For all the recruited subjects, native fluorescence of blood plasma and serum CEA level were measured. The method used to perform the fluorescence analysis has been described in details in a previous work (19). Briefly, the fluorescence measurements were performed by means of a conventional spectrofluorimeter (Model F-3000, Hitachi, Ltd. Tokyo, Japan), selecting an excitation wavelength of 405 nm and recording the fluorescence emission spectra in the range 430-700 nm. Due to the great variability in the fluorescence intensity of plasma from sample to sample, each fluorescence spectrum was normalized by dividing the fluorescence intensity at each wavelength by the maximum value of intensity of the spectrum. CEA level was determined using a commercial kit (Radim CEA IRMA CT, Radim Spa, RM, Italy) available in our laboratory. CEA was quantify with a time-resolved immunofluorometric assay with a cut-off value of 5 g/l. The detection limit of the assay is 0.2g/l and the inter-assay coefficient of variation was less than 3% in the concentration range 3-100g/l. For a subgroup of 10 patients (7 males, 3 females, mean and median age 58.3 and 60 years, respectively, age range 45-69), both markers were re-evaluated after therapeutic treatment. Finally, a randomised subgroup of 35 blood donors (21 males, 14 females, mean and median age 52.7 and 56 years, respectively, age range 41-65) were also submitted to colonoscopy. Data on colonoscopy were recorded on a specific form with information on the quality of the investigation.

3.3. Statistical analysis

The Mann Whitney test for unpaired data was applied to determine the significance of the difference in the native fluorescence of blood plasma and in serum CEA level between CRC patients and healthy subjects. A p value less than 0.05 was considered to be statistically significant. The correlation between the native fluorescence of blood plasma and CEA level as well as the correlation between the two markers and the weight of the surgical specimen were assessed with the Spearmann rank correlation test. Additional statistical evaluations were carried out by separately considering patients bearing the following diseases: colon, sigma or rectum-localised adenocarcinoma, local recurrence, single adenoma and familial adenomatous polyposis (FAP).

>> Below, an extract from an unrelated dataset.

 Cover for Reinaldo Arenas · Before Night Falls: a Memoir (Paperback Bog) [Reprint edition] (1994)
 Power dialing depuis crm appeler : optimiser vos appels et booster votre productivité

In order to evaluate the capability of native fluorescence and CEA to discriminate patients with colorectal cancer from healthy subjects, Receiving Operating Characteristic (ROC) curves were determined considering separately native fluorescence and CEA, as well as their combination. The differences in the Area Under the Curve (AUC) values were determined to compare the diagnostic power of the two tests. Statistical calculations were performed by using a commercially available software (Statistica, Stat Soft, Tulsa, OK, USA).

4. RESULTS

The means of the normalized fluorescence spectra of blood plasma collected from 248 blood donors and 246 patients are reported in Figure 1.

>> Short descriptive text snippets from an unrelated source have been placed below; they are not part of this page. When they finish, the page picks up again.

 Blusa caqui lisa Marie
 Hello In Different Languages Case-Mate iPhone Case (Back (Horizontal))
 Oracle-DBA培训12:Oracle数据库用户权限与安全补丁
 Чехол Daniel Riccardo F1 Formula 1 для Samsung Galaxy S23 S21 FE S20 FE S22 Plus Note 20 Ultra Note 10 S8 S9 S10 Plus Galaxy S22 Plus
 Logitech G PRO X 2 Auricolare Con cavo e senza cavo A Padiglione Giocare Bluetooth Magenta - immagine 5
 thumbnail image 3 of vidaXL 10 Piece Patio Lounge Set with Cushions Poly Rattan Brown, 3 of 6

According to our previous work, the only significative difference between the fluorescence spectra of blood donors and patients is the emission peak at 615-635nm reasonably ascribed to endogenous porphyrins (14, 21); the minimum p level (p less than 0.000001) was at 623nm. The serum level of CEA was significantly higher in CRC patients than in blood donors (p less than 0.000001). Table 2 reports mean value +/- Standard Deviation (SD) and median of the fluorescence intensity at 623nm-wavelength, from now on named IF623, evaluated from the normalized fluorescence spectra for different groups of subjects, as well as mean value (+/-SD) and median of CEA level.

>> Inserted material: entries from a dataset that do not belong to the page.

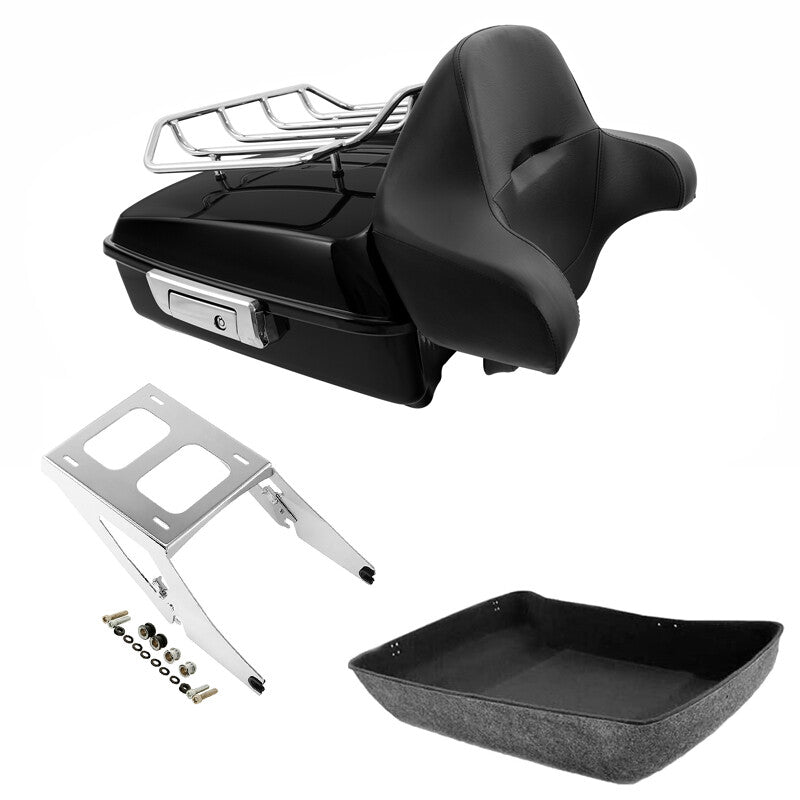 Chopped Trunk Pad Rack Two-Up Mount Fit For Harley Sport Glide Flsb 2018-21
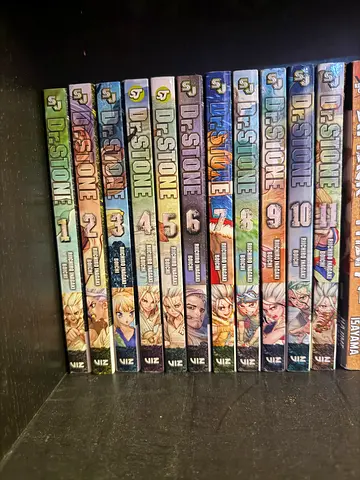 Dr. STONE manga volumes collection (multiple volumes) 1-11 volumes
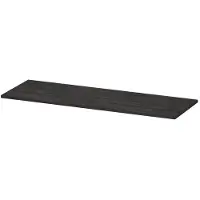 Ink Topdeck 40 Afdekplaat T.b.v. Onderkast Hout Decor - Houtskool Eiken - 1200x400x20 Mm (bxdxh) - Badkamermeubels - Wastafelbladen - 8718835044060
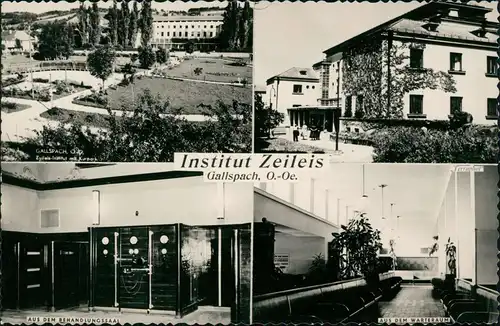 Ansichtskarte Gallspach Mehrbildkarte Zeileis-Institut mit Kurpark 1950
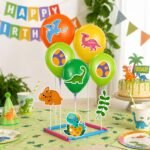 Dinosaur Balloon Stand Kit for Kids Birthday Party Decorations – 15 PCS Set - Image 2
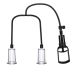 Essentials Handmatige Tepel- en Vaginapomp Passion Pump - Transparant/Zwart
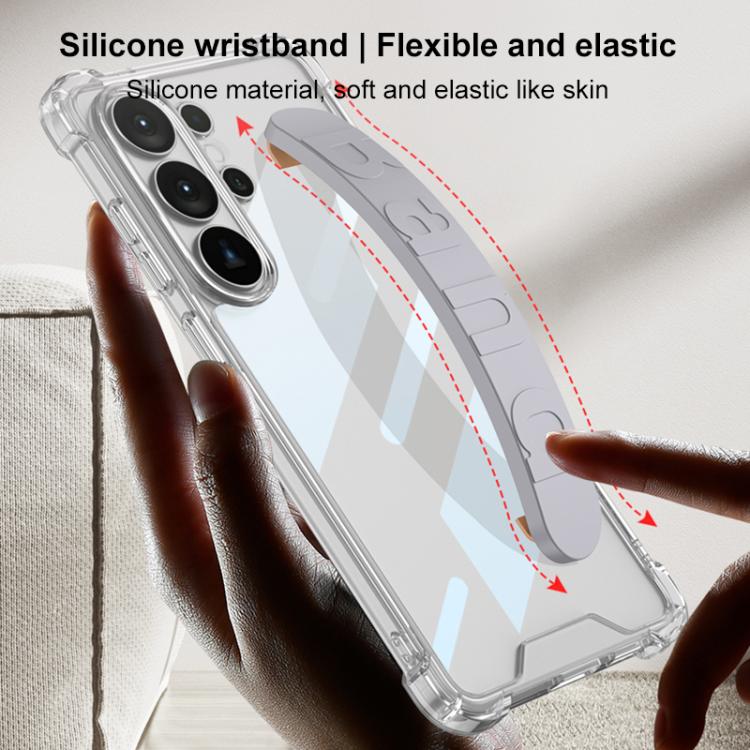 For Samsung Galaxy S26 Ultra 5G GKK Airbag Silicone Wristband Phone Case, Not Included Pen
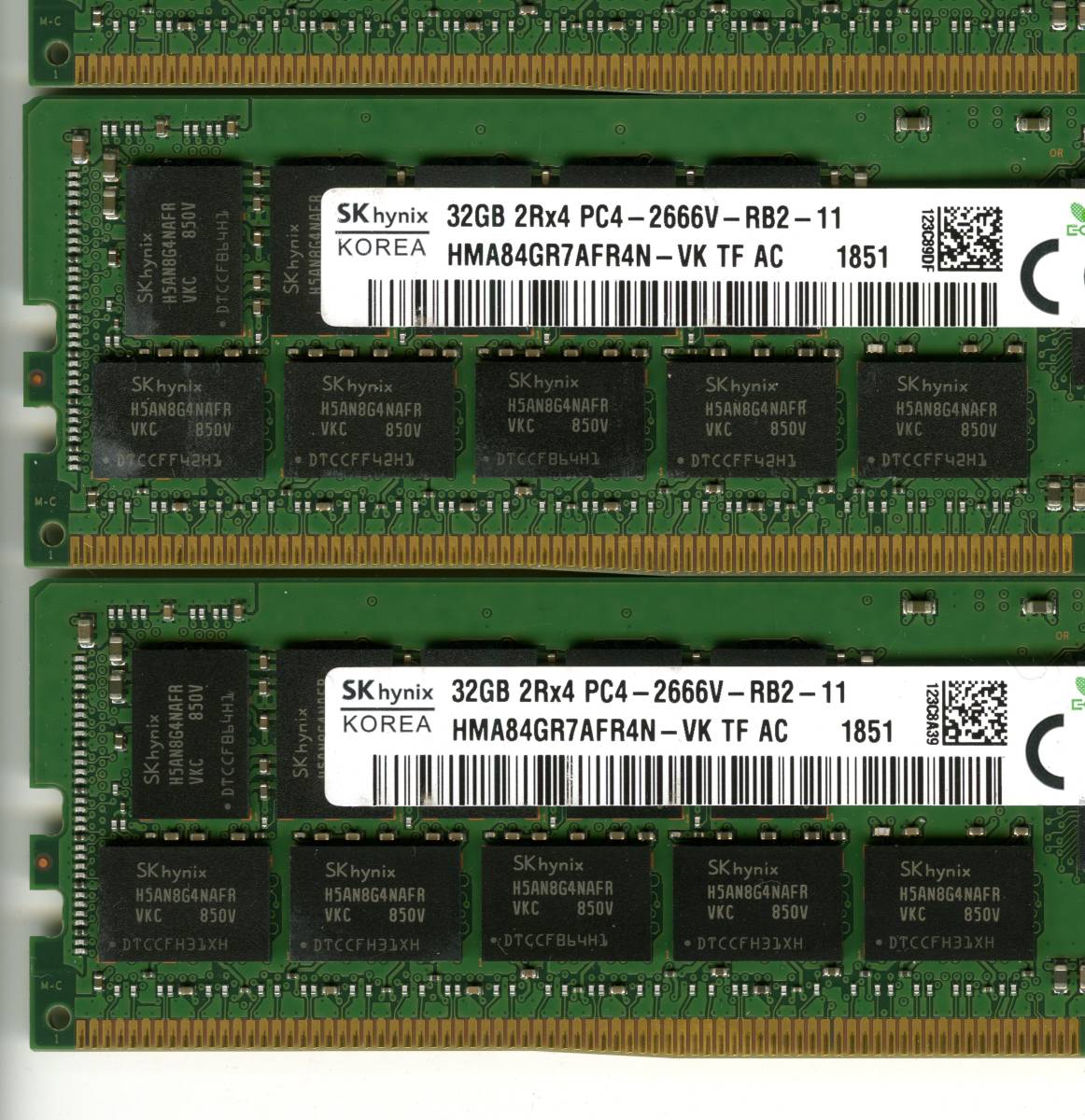 HPE純正SKhynix DDR4-2666 ECC Registered 32GB×4枚セットで128GB 中古 reg rdimm サーバー用  Z4G4で動作確認済み 1851-1｜PayPayフリマ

No correlation was found between IF623 and age, among both patients (rs=0.01) and donors (rs=-0.22), as well as between CEA level and age (patients, rs=0.14; donors, rs=-0.01). IF623 mean value evaluated for males did not resulted significantly different from that of females, both in patients (p=0.149) and blood donors (p=0.062), similarly as in case of CEA, p=0.161 and 0.086 for patients and blood donors, respectively. IF623 mean value resulted weakly correlated with the weight of the surgical specimen (rs=0.65), whereas no correlation was found between CEA level and weight (rs=0.14).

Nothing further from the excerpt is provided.